[Saved entries]
□ □ □ □ □ □ □
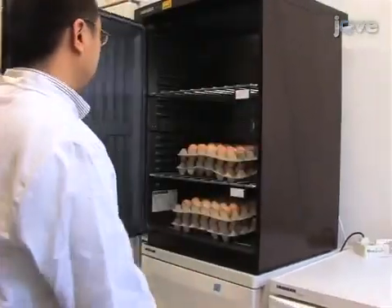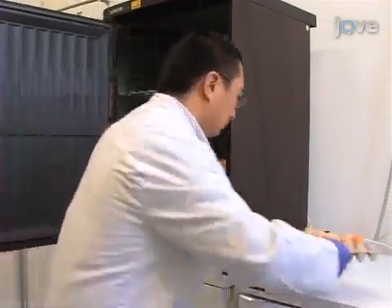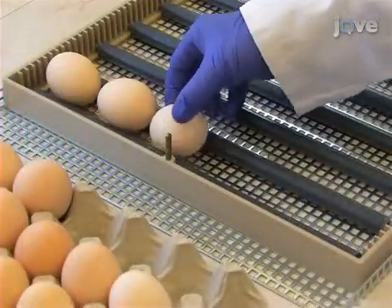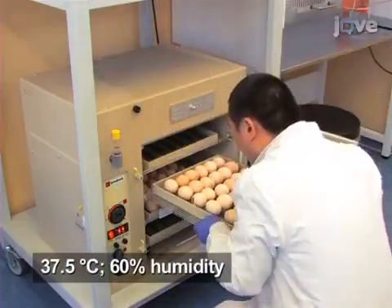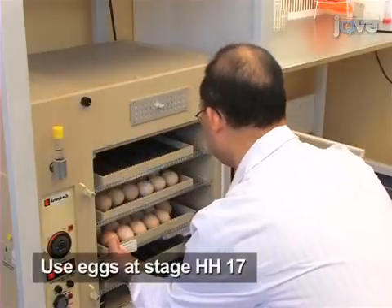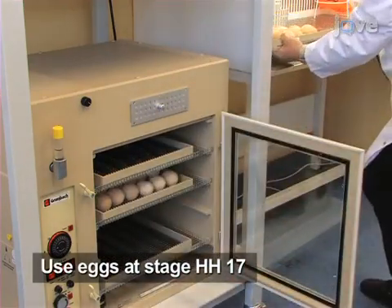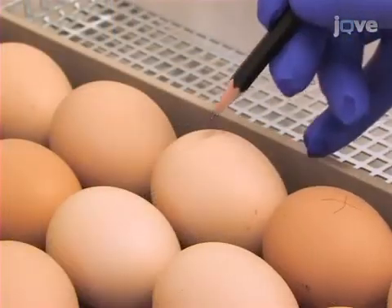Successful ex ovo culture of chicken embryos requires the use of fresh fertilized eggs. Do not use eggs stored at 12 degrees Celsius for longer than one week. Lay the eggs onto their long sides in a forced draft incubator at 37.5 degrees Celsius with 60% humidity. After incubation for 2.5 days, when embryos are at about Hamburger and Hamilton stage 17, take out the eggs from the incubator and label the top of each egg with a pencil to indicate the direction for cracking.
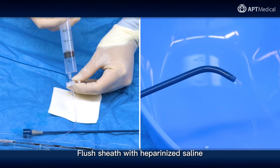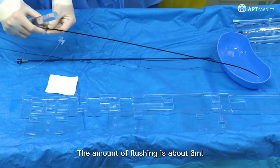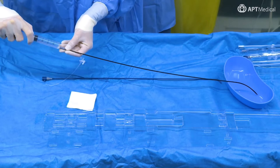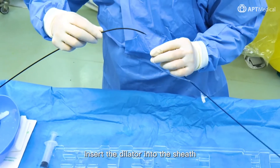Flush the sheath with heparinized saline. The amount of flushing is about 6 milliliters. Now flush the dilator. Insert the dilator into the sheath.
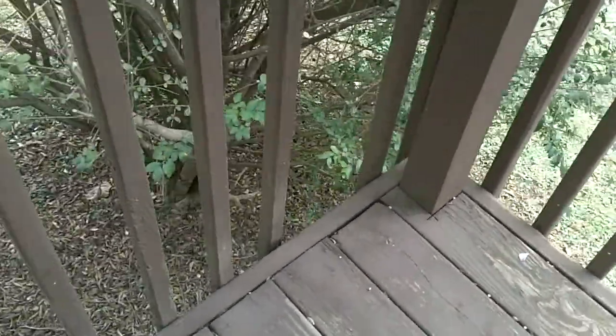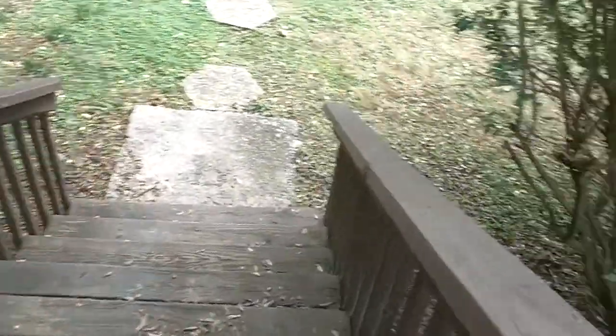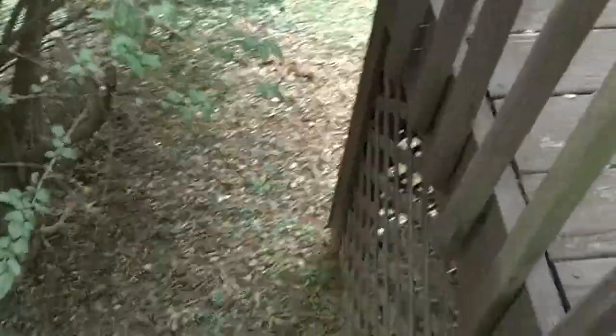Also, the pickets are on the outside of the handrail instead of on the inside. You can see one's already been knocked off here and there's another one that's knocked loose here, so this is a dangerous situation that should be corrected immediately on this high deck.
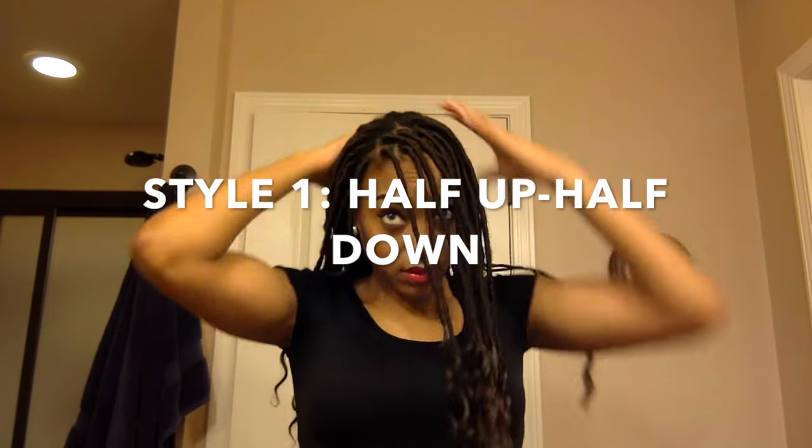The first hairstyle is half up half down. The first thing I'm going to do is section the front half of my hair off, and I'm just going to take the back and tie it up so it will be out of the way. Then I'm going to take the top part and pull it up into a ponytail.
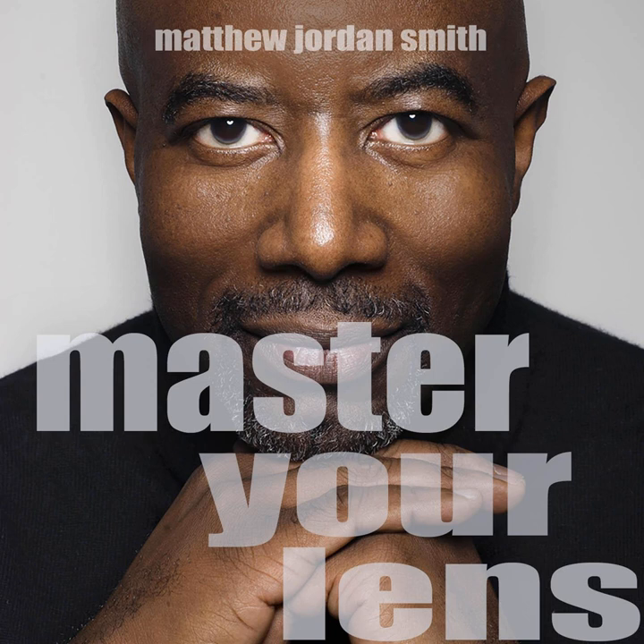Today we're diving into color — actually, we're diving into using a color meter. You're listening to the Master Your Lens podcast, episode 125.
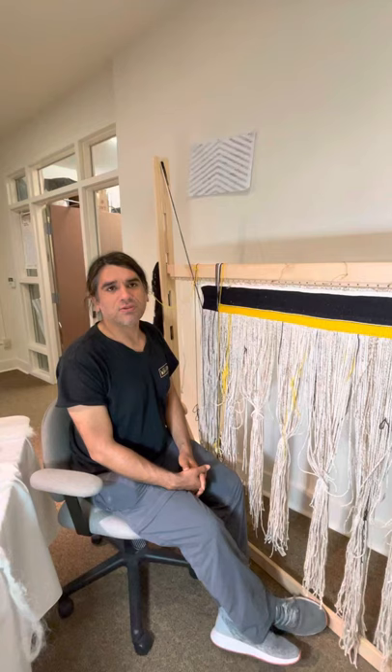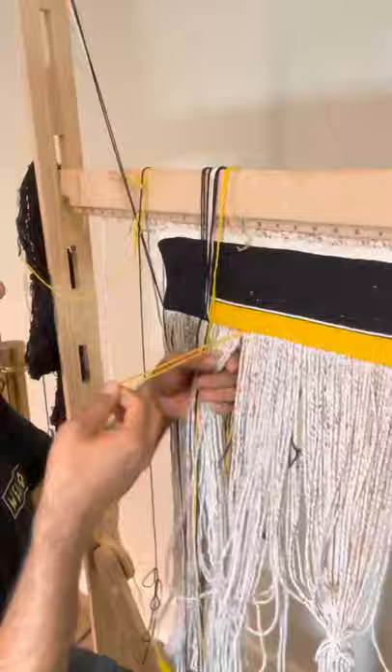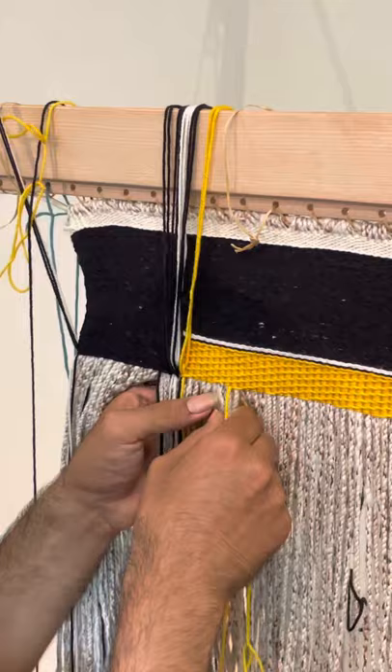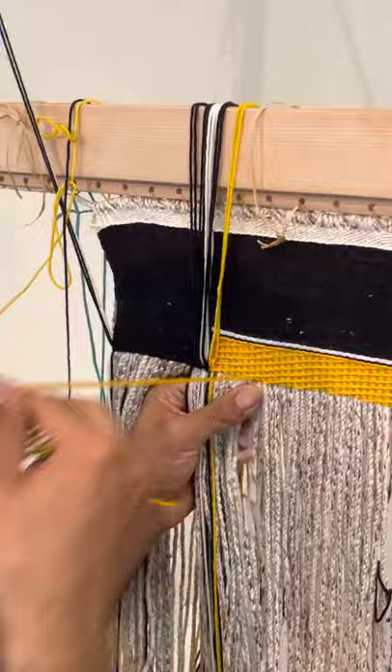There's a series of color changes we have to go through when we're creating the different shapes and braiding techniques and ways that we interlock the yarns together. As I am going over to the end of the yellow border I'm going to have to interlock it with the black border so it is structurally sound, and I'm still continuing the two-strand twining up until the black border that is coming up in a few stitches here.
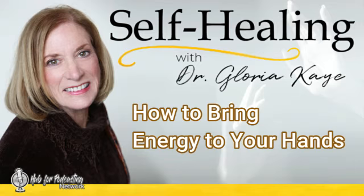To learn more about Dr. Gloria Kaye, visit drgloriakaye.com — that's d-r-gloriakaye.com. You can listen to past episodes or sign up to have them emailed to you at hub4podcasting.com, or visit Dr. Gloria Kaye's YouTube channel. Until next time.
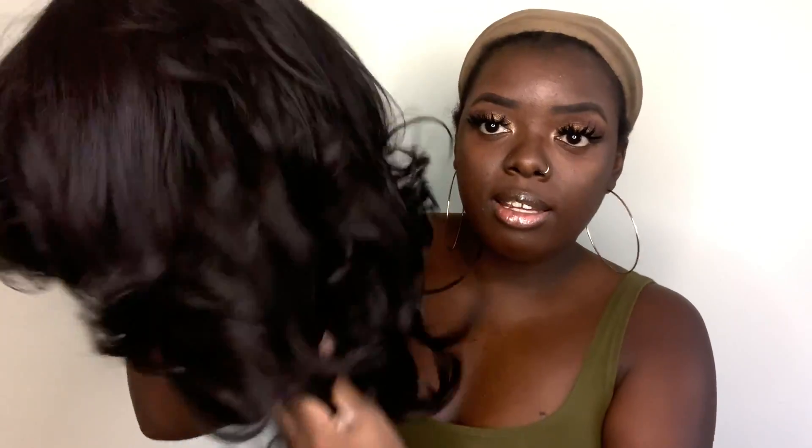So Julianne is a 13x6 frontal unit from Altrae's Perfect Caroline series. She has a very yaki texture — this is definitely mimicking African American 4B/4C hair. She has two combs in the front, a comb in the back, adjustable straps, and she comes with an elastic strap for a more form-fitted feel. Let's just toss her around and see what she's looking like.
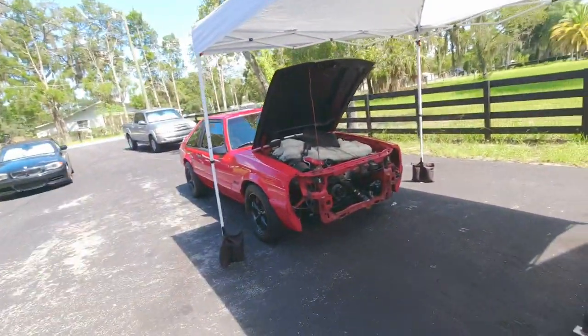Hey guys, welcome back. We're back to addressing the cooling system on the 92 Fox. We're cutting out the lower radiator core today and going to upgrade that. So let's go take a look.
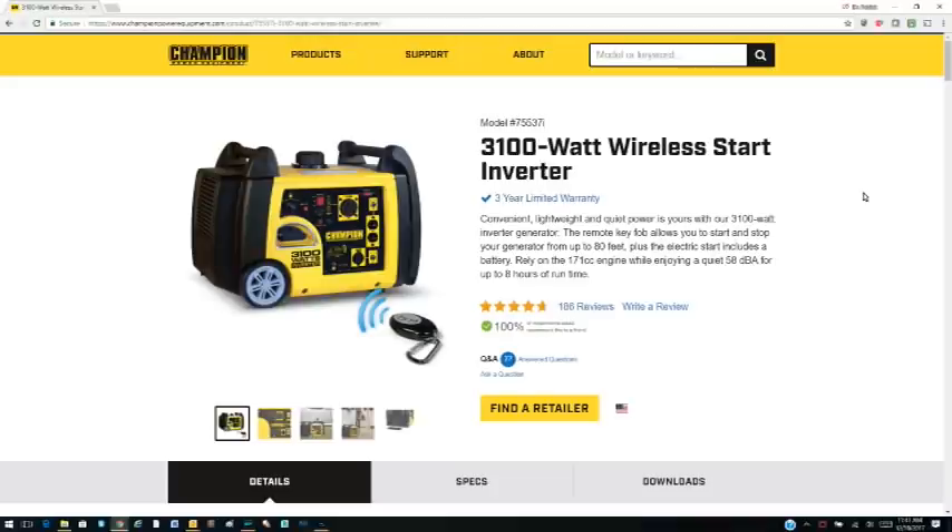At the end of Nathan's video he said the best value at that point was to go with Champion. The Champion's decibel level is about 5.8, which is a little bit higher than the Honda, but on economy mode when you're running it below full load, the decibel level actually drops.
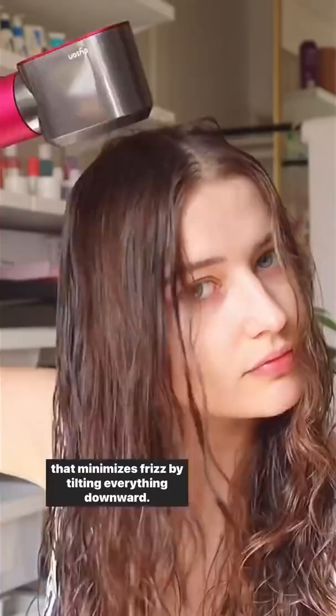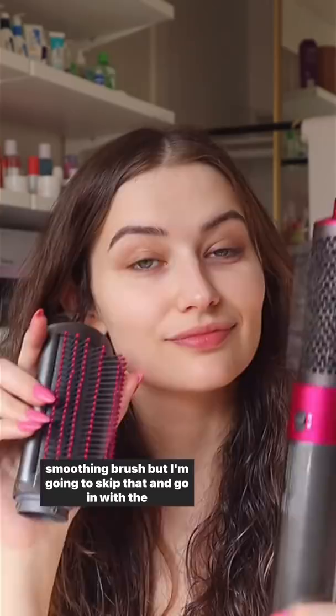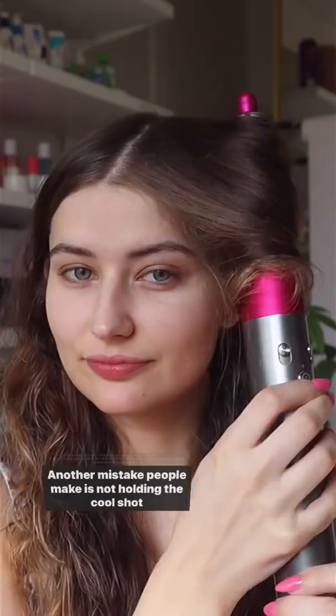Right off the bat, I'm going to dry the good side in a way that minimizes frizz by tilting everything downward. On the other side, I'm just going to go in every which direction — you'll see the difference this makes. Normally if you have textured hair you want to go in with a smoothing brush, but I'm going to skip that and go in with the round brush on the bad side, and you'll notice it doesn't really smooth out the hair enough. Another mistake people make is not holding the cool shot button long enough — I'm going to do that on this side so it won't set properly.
□ □ □ □ □ □ □
After locating "The first hairstyle" and "Today we're diving" in the records above, return exactly the line holding each one and every line between them; leave out the pictures.

The first hairstyle is half up half down. The first thing I'm going to do is section the front half of my hair off, and I'm just going to take the back and tie it up so it will be out of the way. Then I'm going to take the top part and pull it up into a ponytail.
Today we're diving into color — actually, we're diving into using a color meter. You're listening to the Master Your Lens podcast, episode 125.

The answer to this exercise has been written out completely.